童謡のような、やさしい曲です。この曲が一番好きという声をよく耳にする名曲です。

いきなり余談ですが、わたくしこのアルバムを録音したテープを、同級生に貸したことがございます。パナソニックのいまはなきハイポジションテープで、ご丁寧にインスタント・レタリングまでしておいたやつです。時代ですねえ。余談のなかにさらに余談ですが、そのテープはナショナルの電器屋さんでしか手に入りませんでしたが、値段の割にやたらと音がよかったので、TSUTAYAとかで売っているTDKとかマクセルとかには見向きもせずに愛用していたのです。で、その珍しいテープを返してもらうときなんですが、

「ゆびきりが一番好き」「そう、いい歌だよね」「でもこれって、ロリコンの歌だよね」「え?」「だって赤い服とか小さな靴とか」「ああー……」

なんという暴言!わたくしが少なからぬ財産や時間や労力を投入した安全地帯の精神世界を「ロリコン」よばわりするとは!いやー、まあー、財産とはパナソニックのテープ代金280円とかですし、時間や労力といってもCDからテープに録音する時間とかその間レタリングにいそしんでいたこととかですが、それにしてもロリコンはないだろうロリコンは(笑)。

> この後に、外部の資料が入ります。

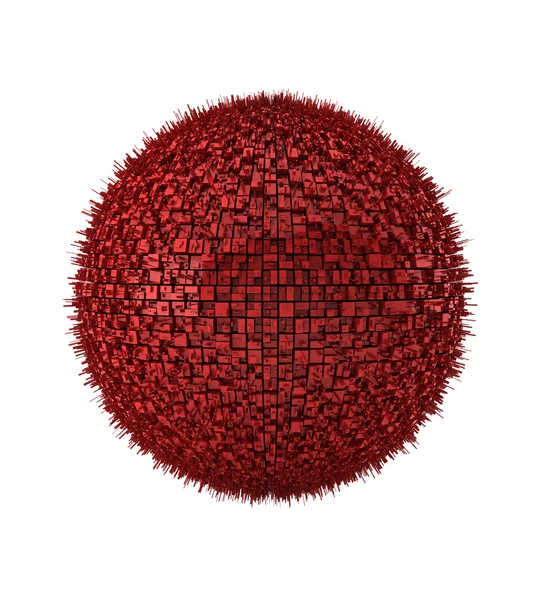 3d rendu de boule abstraite rouge sur blanc — Photo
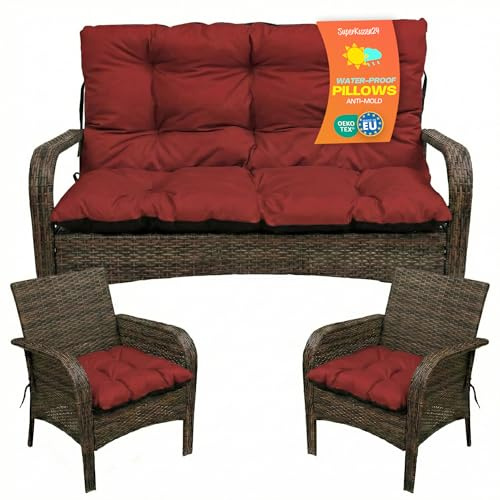 SuperKissen24. Sitzkissen Bankkissen Bankauflage - 180x50 cm und Rückenlehne 180x60 cm mit 2er 45x45 cm Stuhlkissen Set - Outdoor und Indoor - Bordeaux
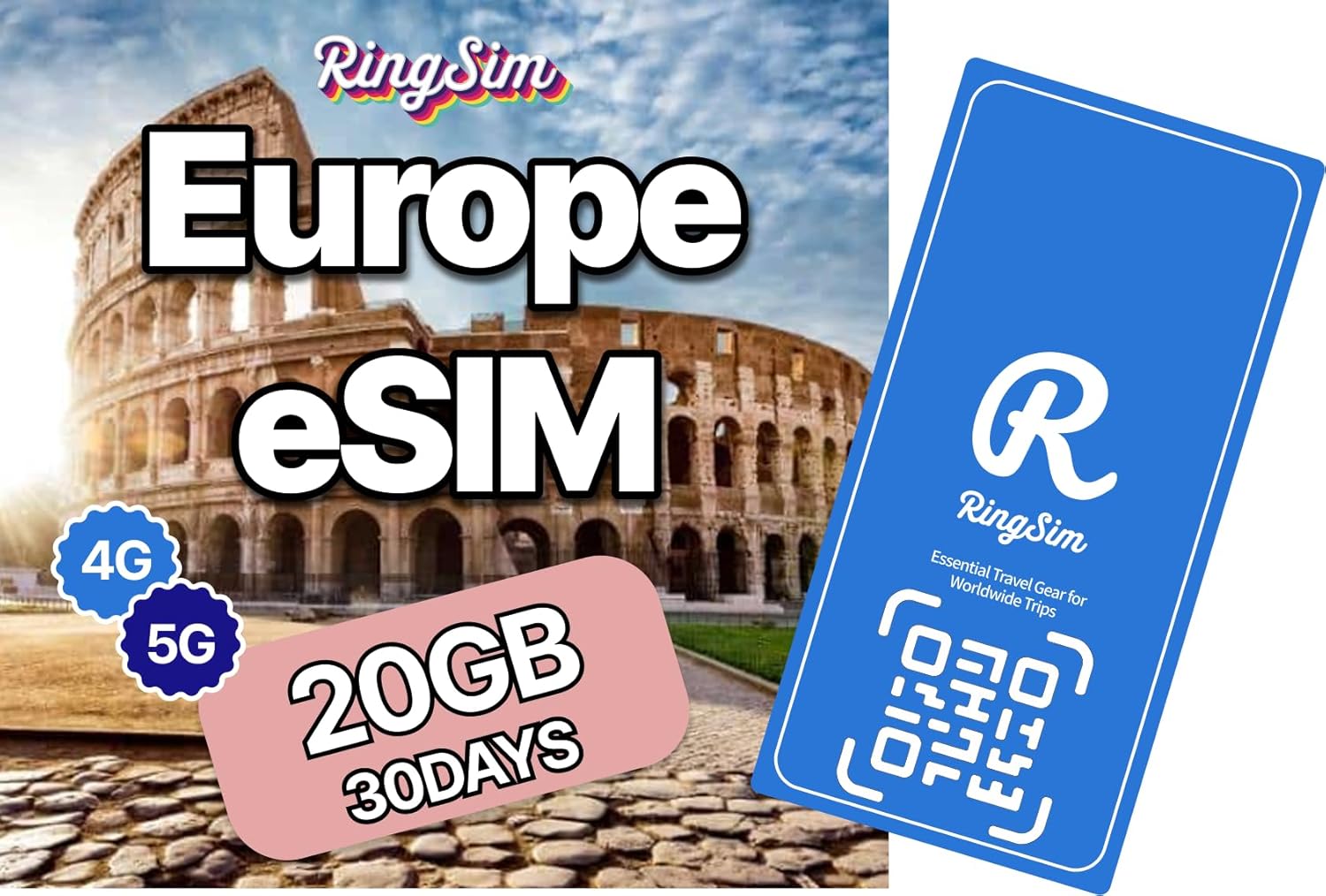 [eSIM] Europe eSIM | 30DAYS 20GB | UK, France, Italy, Spain, Germany | 5G, 4G/LTE, Tethering, Hotspot | SIM with Instant Activation in 10 Minutes | Travel SIM by Ringsim | 30DAYS 20GB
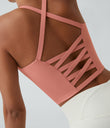Crisscross Backless Built-in Bra Cropped Running Tank Top A-D Cups - Blooming Dahlia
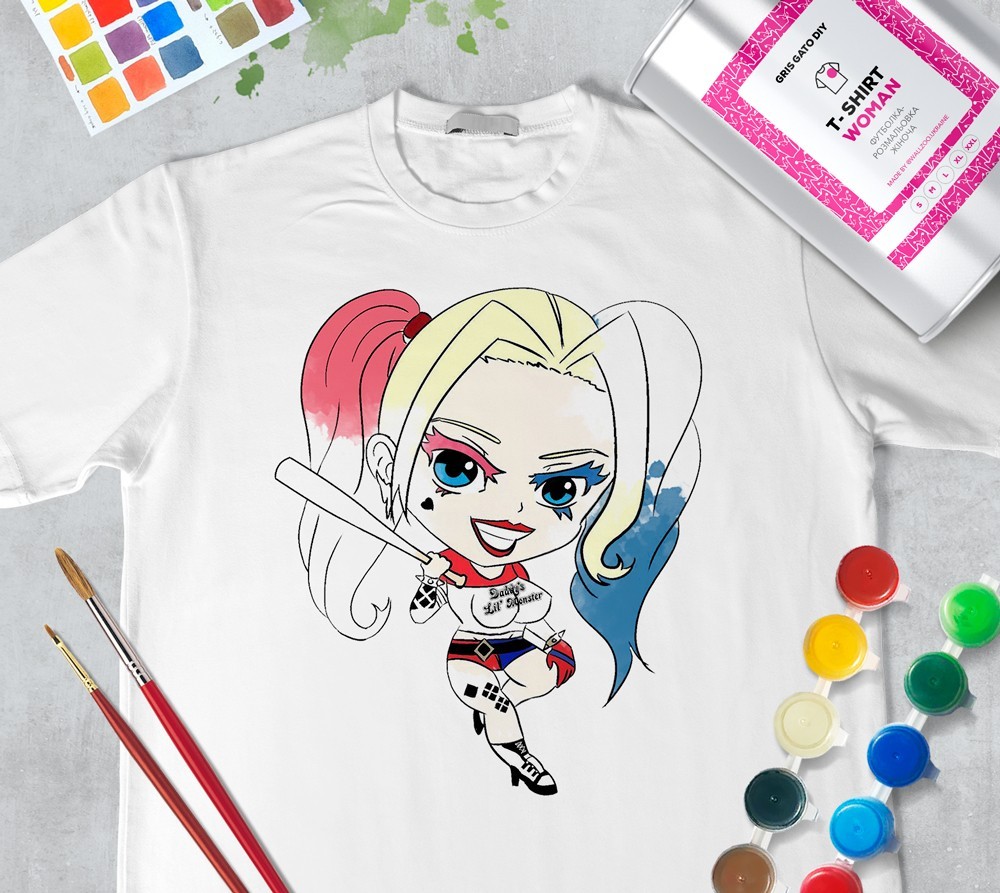 

Футболка раскраска для женщин "Харли Квинн" Harley Quinn" (+ краски) WallZoo белая, Футболка раскраска для женщин "Харли Квинн" Harley Quinn" (+ краски) WallZoo белая l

歌詞をただ虚心にみつめれば、晴れた日に、麦わら帽子かなにかを被った小さな女の子が広い野原で夕暮れ以降まで遊んでいるのを、青年〜オジサン〜もしかしたらおじいさんが、目を細めてみている、そして家に帰る前にまた会おうねと言ってゆびきりをする、という内容なんです。問題は、その青年〜オジサン〜もしかしたらおじいさん、の性癖がロリコンに該当するか否かです。いやー、この歌詞だけで特定・認定するのはきわめて困難と言わざるをえません。よって無罪!さきの暴言を吐いた者への処分は追って通知があります(笑)。

うーん、「中年男性が女子中学生に道を尋ねる事案が発生しました」などと警察がネットで発表するようなご時世では、無事ではすまない情景を描いた歌である疑いもないではありません。しかし、これはこの歌の世界よりも、どちらかといえばこのご時世のほうがクレイジーなのではないかと検討してみたくなります。みんなが快適な世の中を目指しているはずなのに、じつに不思議なことです。松井さんも、自分の書いた詞がよもやロリコン呼ばわりされることがあろうとは、1980年代中盤には思いもよらなかったことでしょう。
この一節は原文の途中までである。